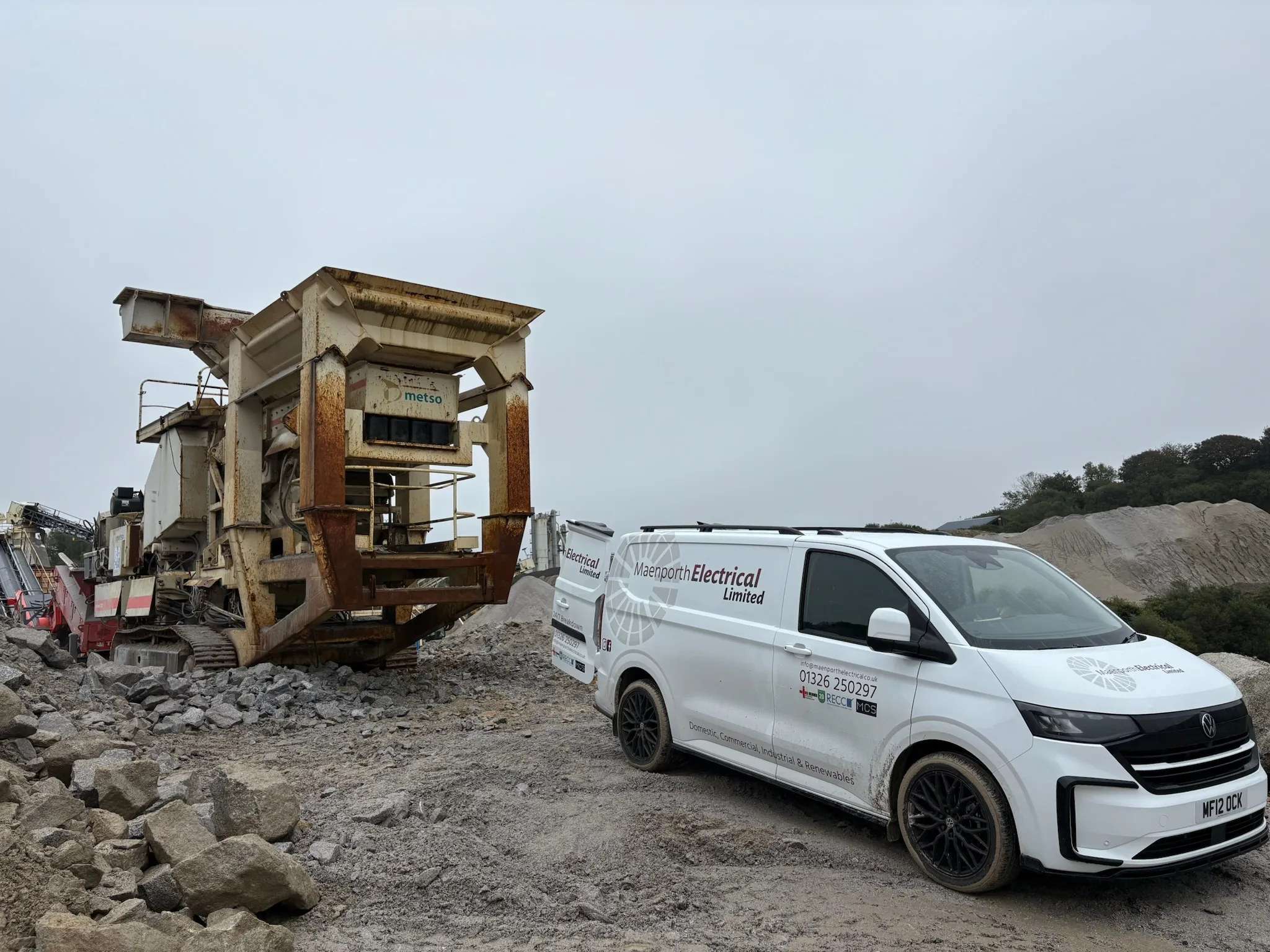 White Maenporth Electrical van parked on rough gravel beside a large tracked crushing machine and piles of stone.
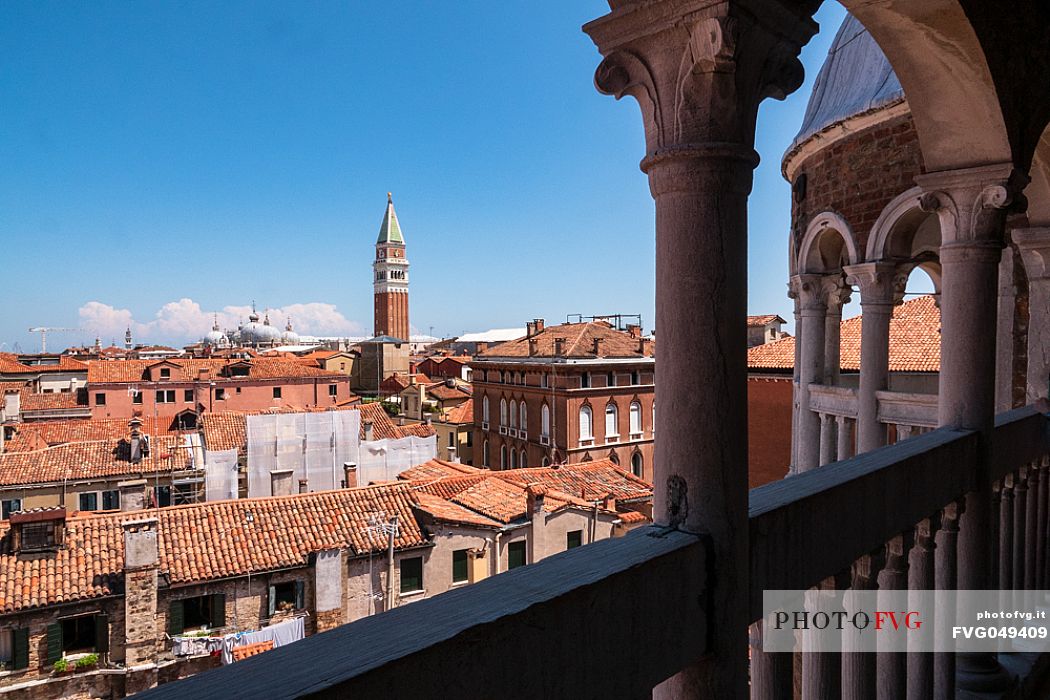 The bell tower and the Cathedral of San Marco in Venice seen from the spiral staircase of Palazzo Contarini del Bovolo, a late Gothic building located in the San Marco district. Italy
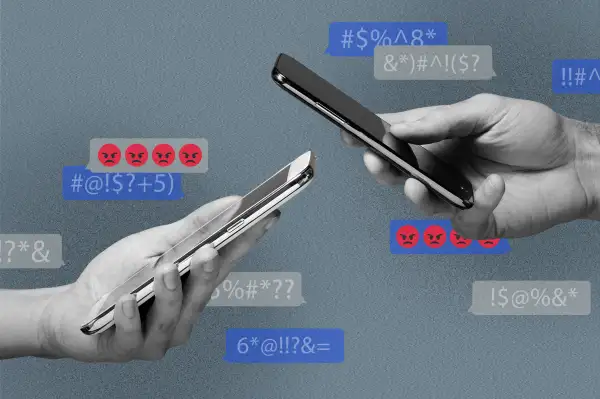 Two hands holding smartphones with text bubbles in the background with angry emojis and indecipherable text messages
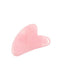 Pink rose quartz gua sha facial massage tool with smooth, curved edges on white background
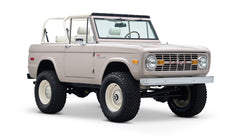 Classic Ford Bronco in dove gray, white wheels, front driver side angle view showing interior seats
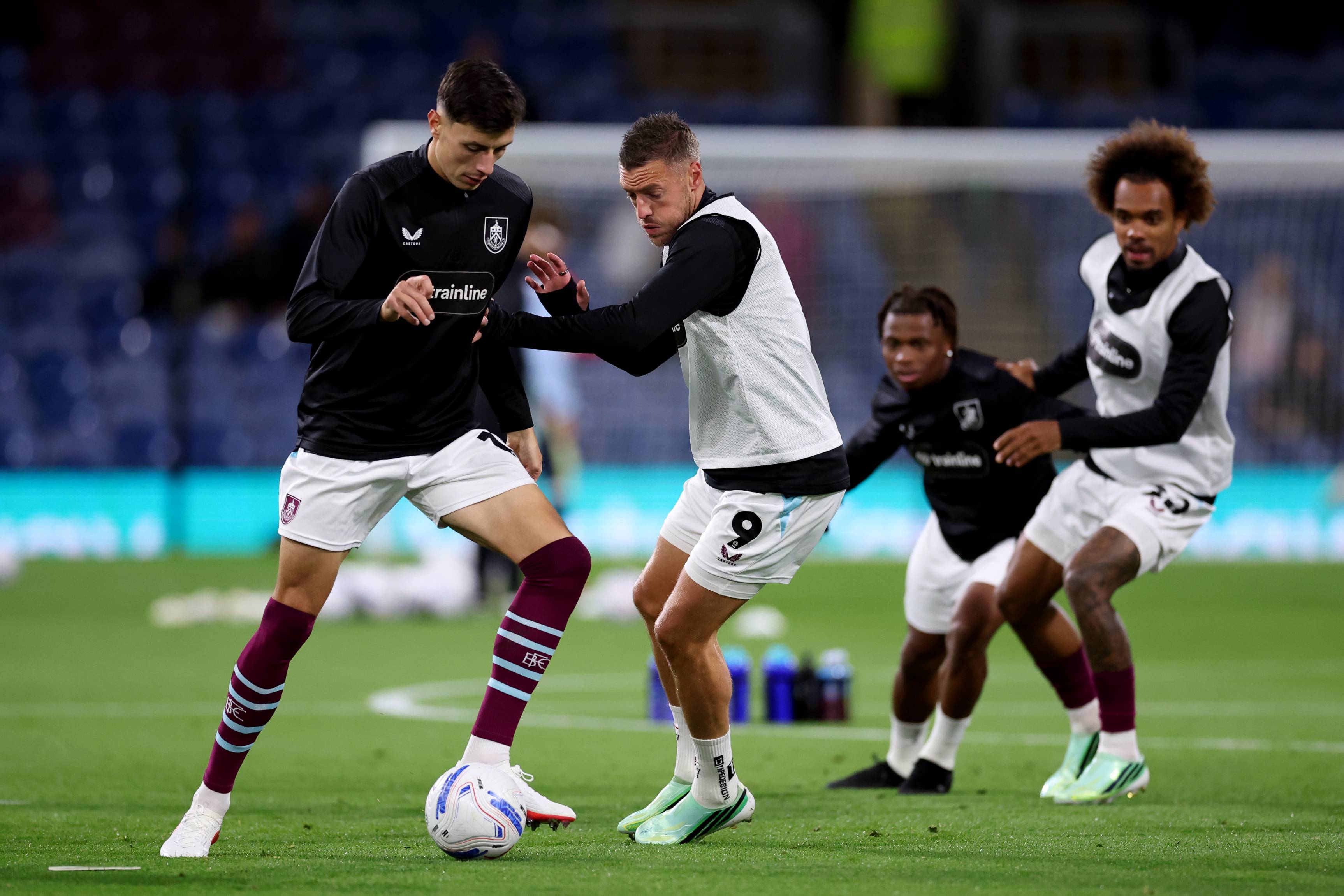 Ahmedhodzic warms up with his Burnley team-mates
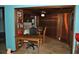 A living space with a desk, table, seating, shelves, and unique wood paneled walls at 7219 Williams S Dr, St Petersburg, FL 33705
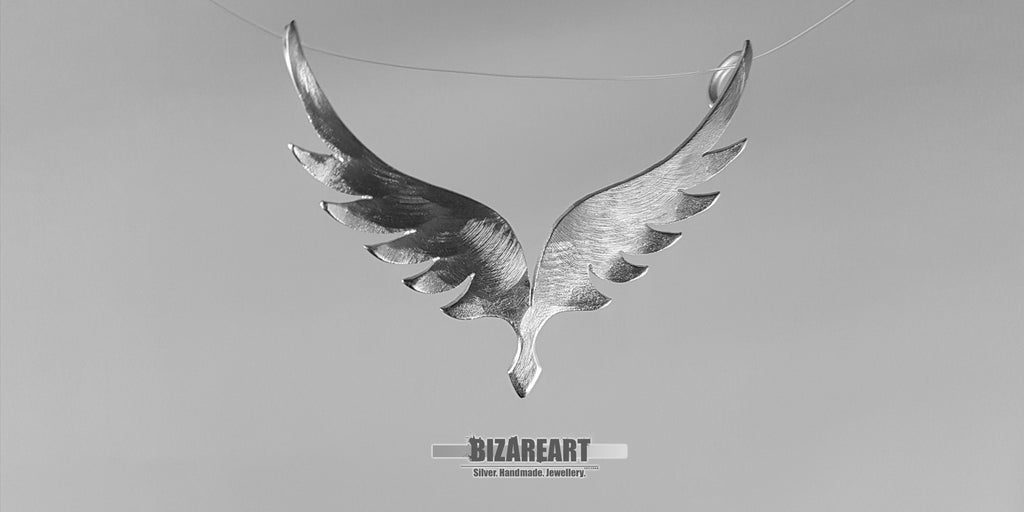 The Angel Wings v5.0 pendant suspended to show how the dual secure hangers balance the 6-gram solid silver piece.
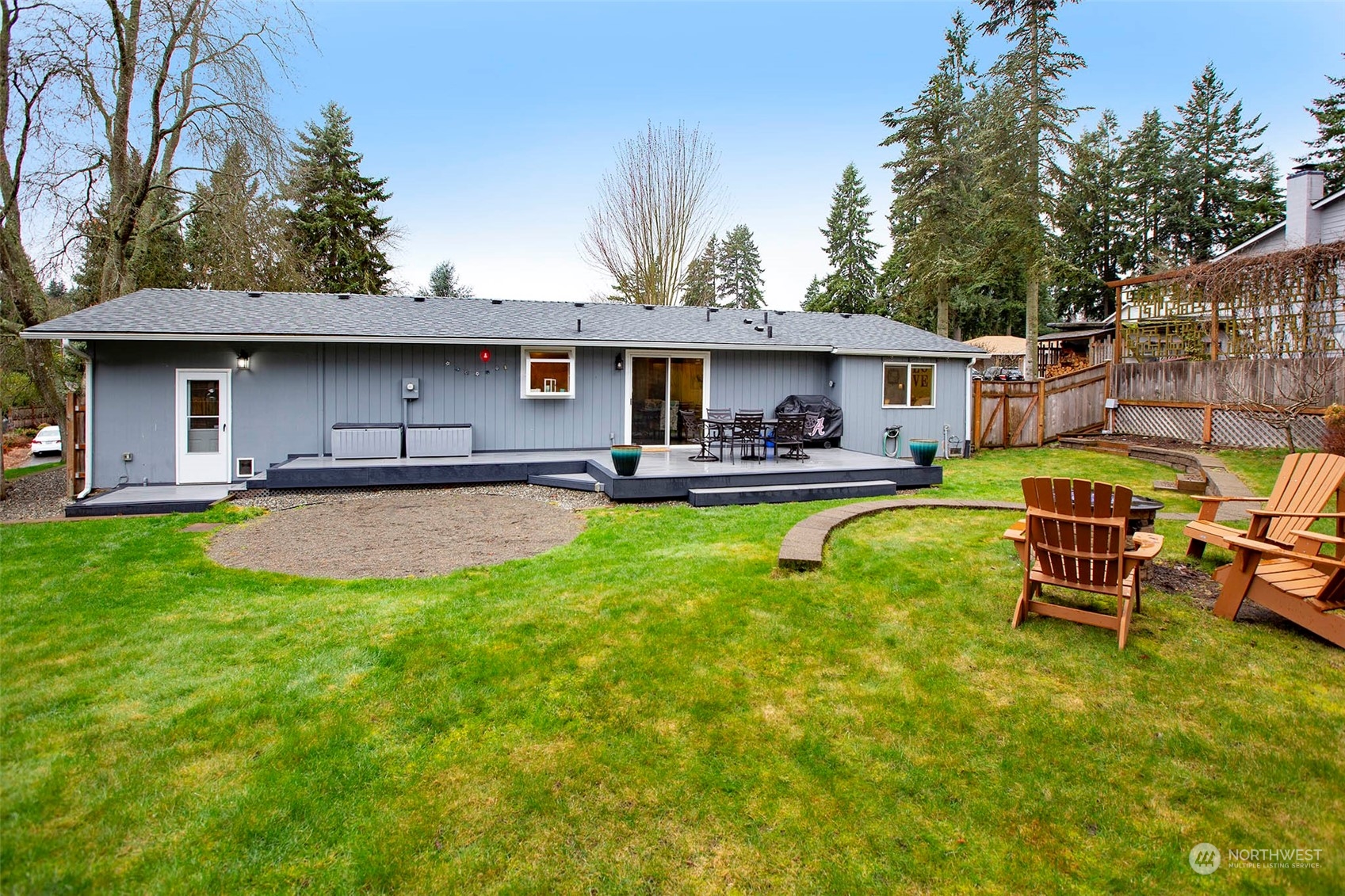 21711 6th Avenue West Bothell, WA 98021 - Photo 9 of 10 a view of a swimming pool with couches chairs and wooden fence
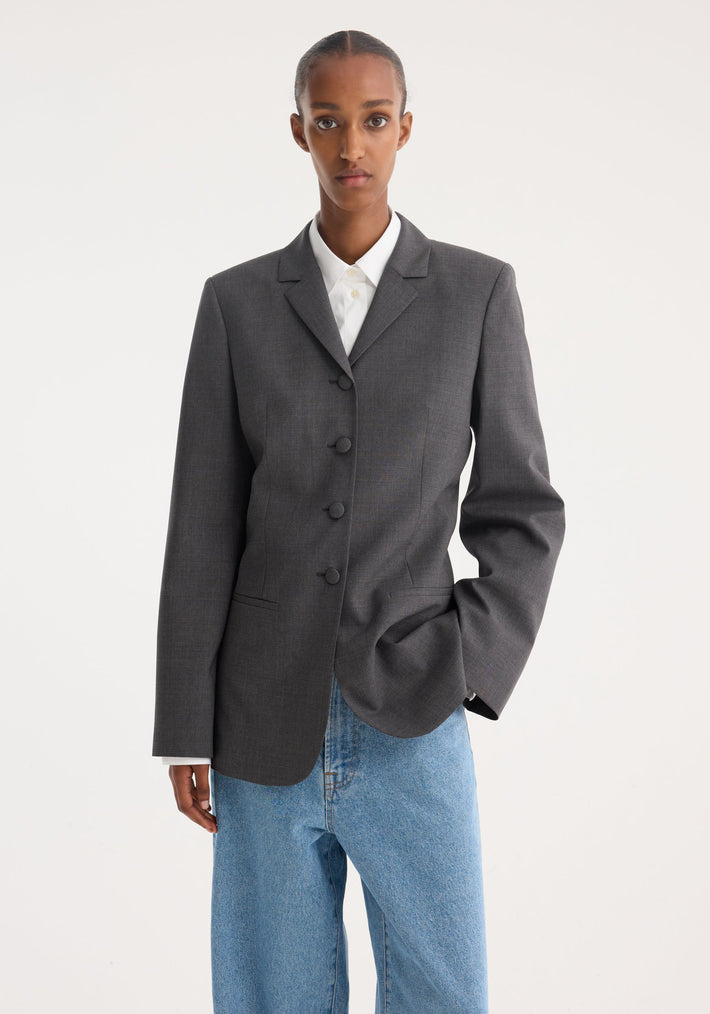 Model wearing a fitted wool blazer in dark grey melange with fabric-covered buttons and welt pockets, paired with loose-fit light-wash jeans, hair pulled back.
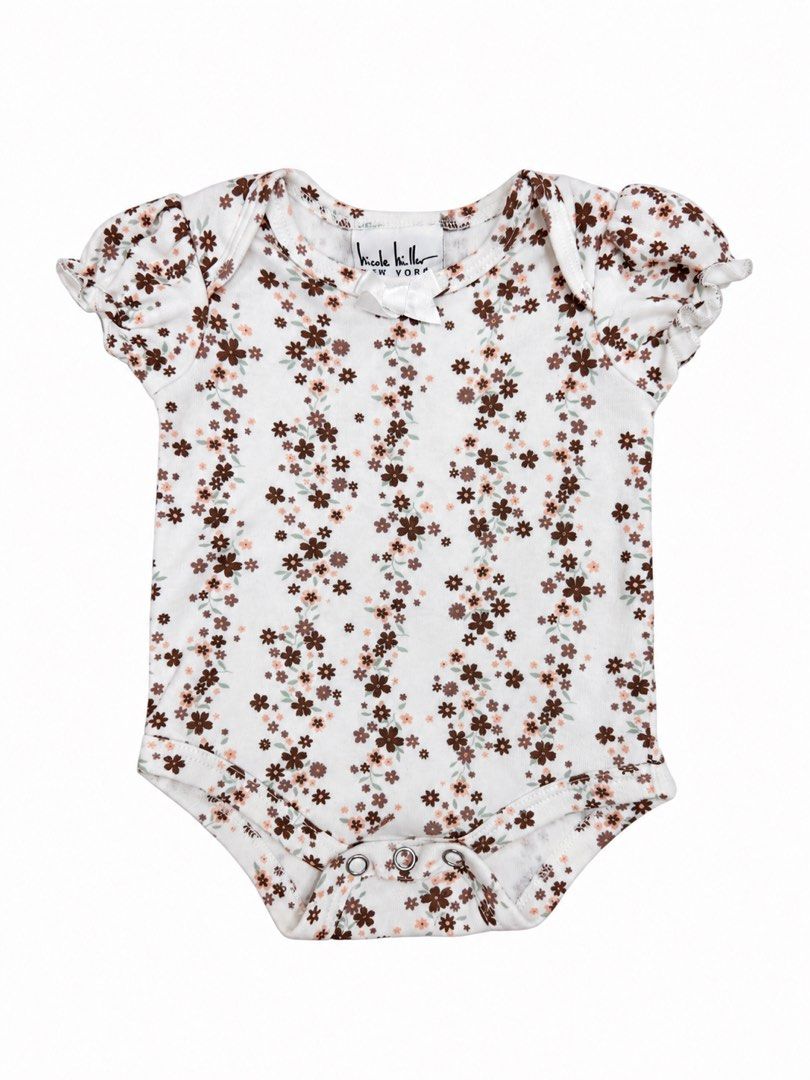 Nicole Miller Onesie (0-3M) (Category: Babies & Kids Fashion) located in Angeles City. Submitted by aeapreloved (Listing ID 1470056794, Image 1). Description: Nicole Miller New York Floral Onesie 🌸 Adorable cream onesie with a dainty brown and pink floral print, cute puff sleeves, and a satin bow detail. • Size: 0–3 months • Short sleeves • Snap-button closure at the bottom .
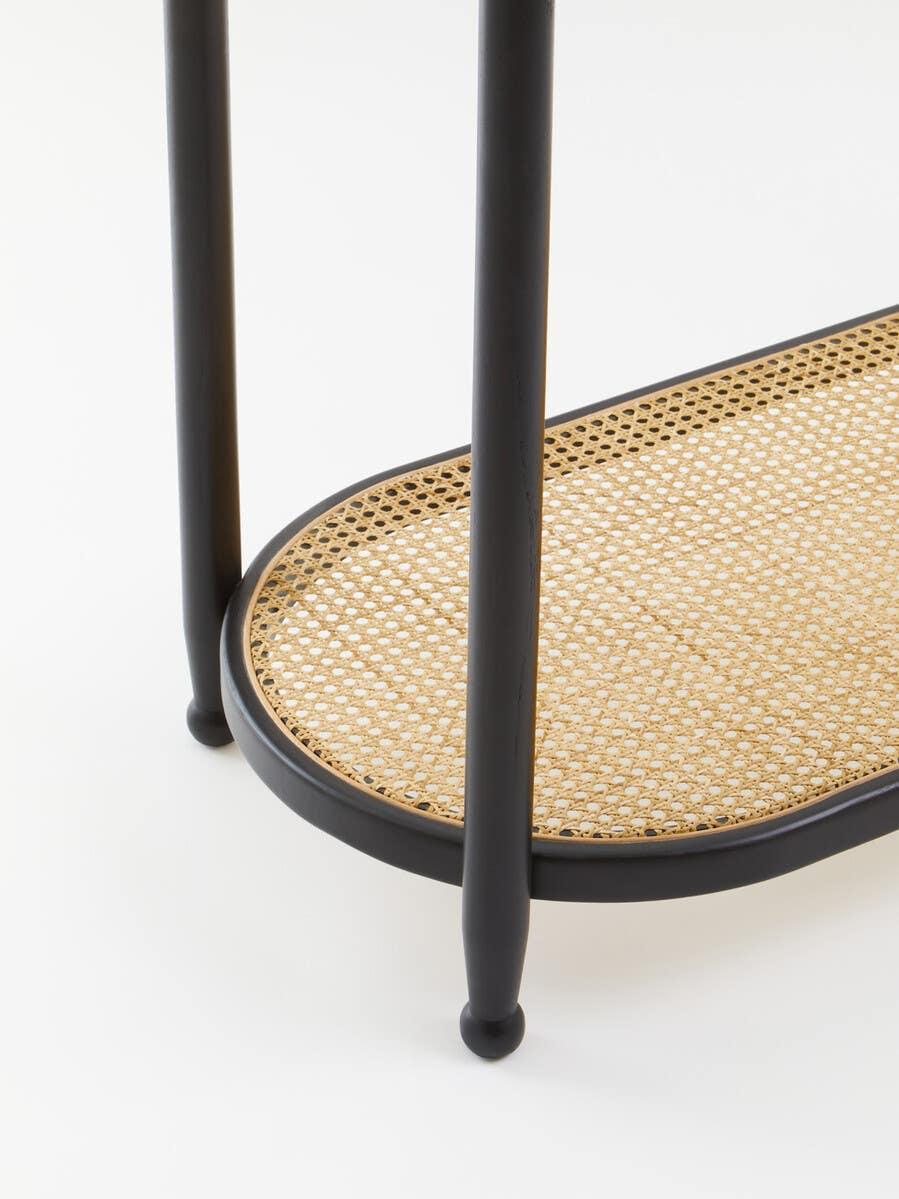 Black metal side table with lower rattan shelf and rounded legs on white background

·····

Work required
Reproduce the opening lines of the material above exactly, ending with the line that contains "The Angel Wings". Omit every picture.

Solution to the exercise
 White Maenporth Electrical van parked on rough gravel beside a large tracked crushing machine and piles of stone.
 The bell tower and the Cathedral of San Marco in Venice seen from the spiral staircase of Palazzo Contarini del Bovolo, a late Gothic building located in the San Marco district. Italy
 Two hands holding smartphones with text bubbles in the background with angry emojis and indecipherable text messages
 Pink rose quartz gua sha facial massage tool with smooth, curved edges on white background
 Classic Ford Bronco in dove gray, white wheels, front driver side angle view showing interior seats
 Ahmedhodzic warms up with his Burnley team-mates
 A living space with a desk, table, seating, shelves, and unique wood paneled walls at 7219 Williams S Dr, St Petersburg, FL 33705
 The Angel Wings v5.0 pendant suspended to show how the dual secure hangers balance the 6-gram solid silver piece.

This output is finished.